> **Your instructions**
The pictures must be left out, while the rest of the data is copied exactly.

> **Records supplied**
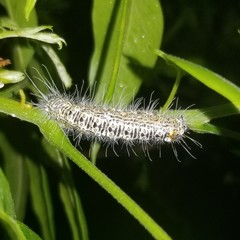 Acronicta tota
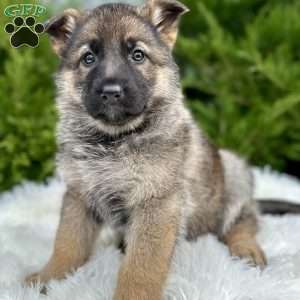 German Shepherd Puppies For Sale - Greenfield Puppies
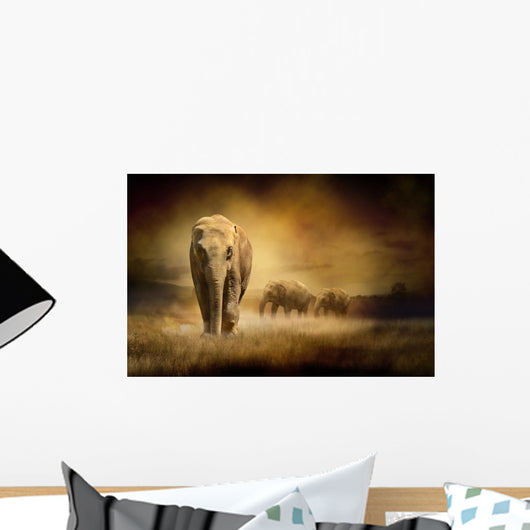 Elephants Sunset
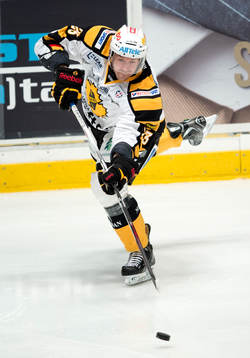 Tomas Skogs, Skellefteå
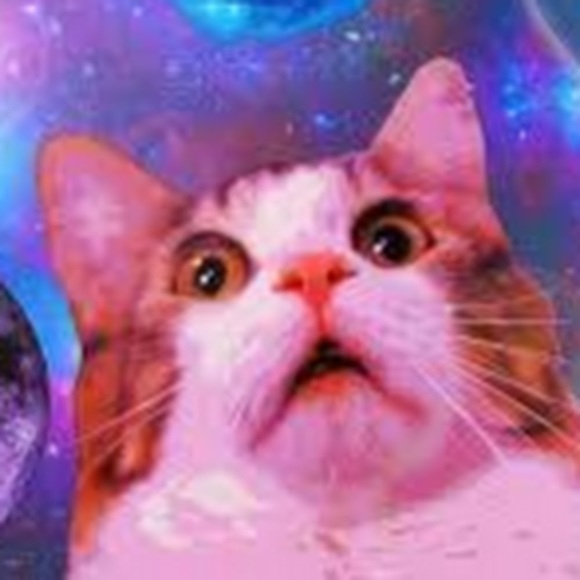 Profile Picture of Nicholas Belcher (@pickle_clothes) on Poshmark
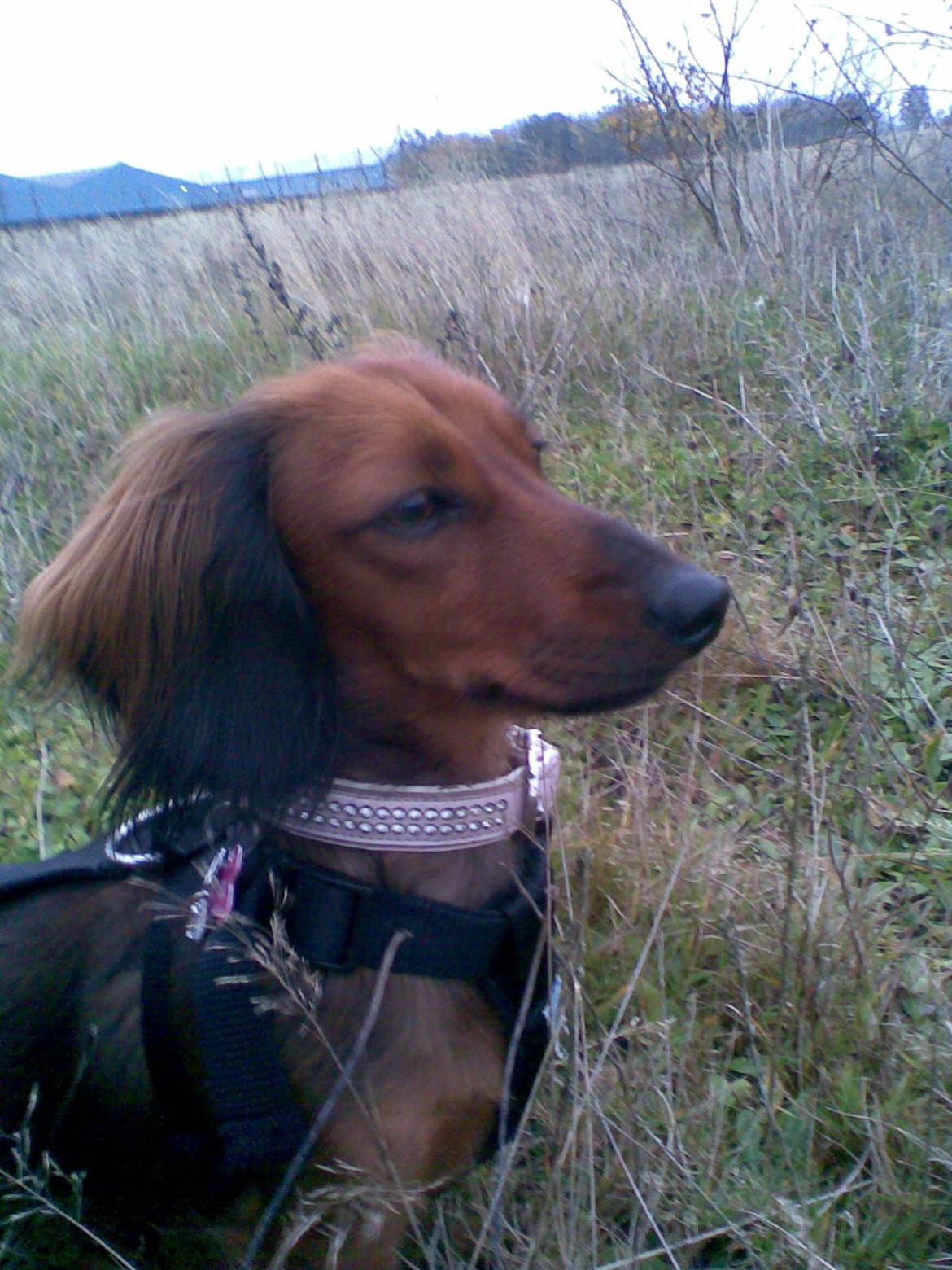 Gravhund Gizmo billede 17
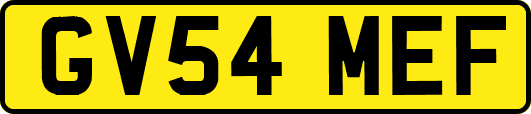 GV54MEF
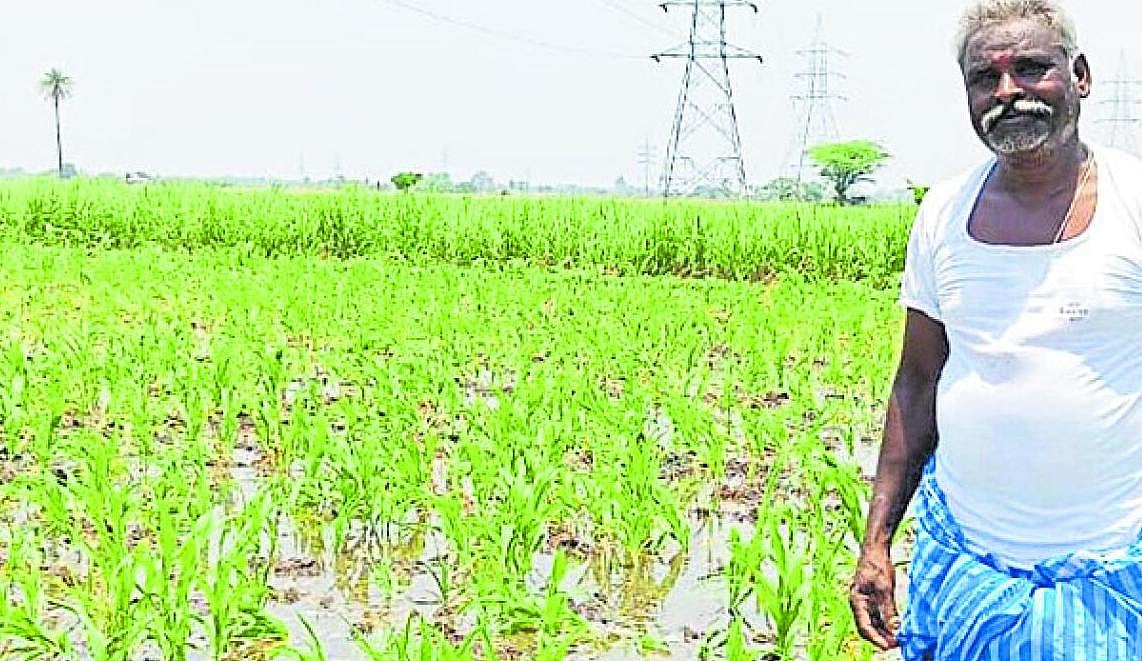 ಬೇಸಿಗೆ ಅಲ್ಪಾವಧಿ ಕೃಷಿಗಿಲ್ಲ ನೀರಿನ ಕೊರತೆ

> **Answer to this exercise**
 Acronicta tota
 German Shepherd Puppies For Sale - Greenfield Puppies
 Elephants Sunset
 Tomas Skogs, Skellefteå
 Profile Picture of Nicholas Belcher (@pickle_clothes) on Poshmark
 Gravhund Gizmo billede 17
 GV54MEF
 ಬೇಸಿಗೆ ಅಲ್ಪಾವಧಿ ಕೃಷಿಗಿಲ್ಲ ನೀರಿನ ಕೊರತೆ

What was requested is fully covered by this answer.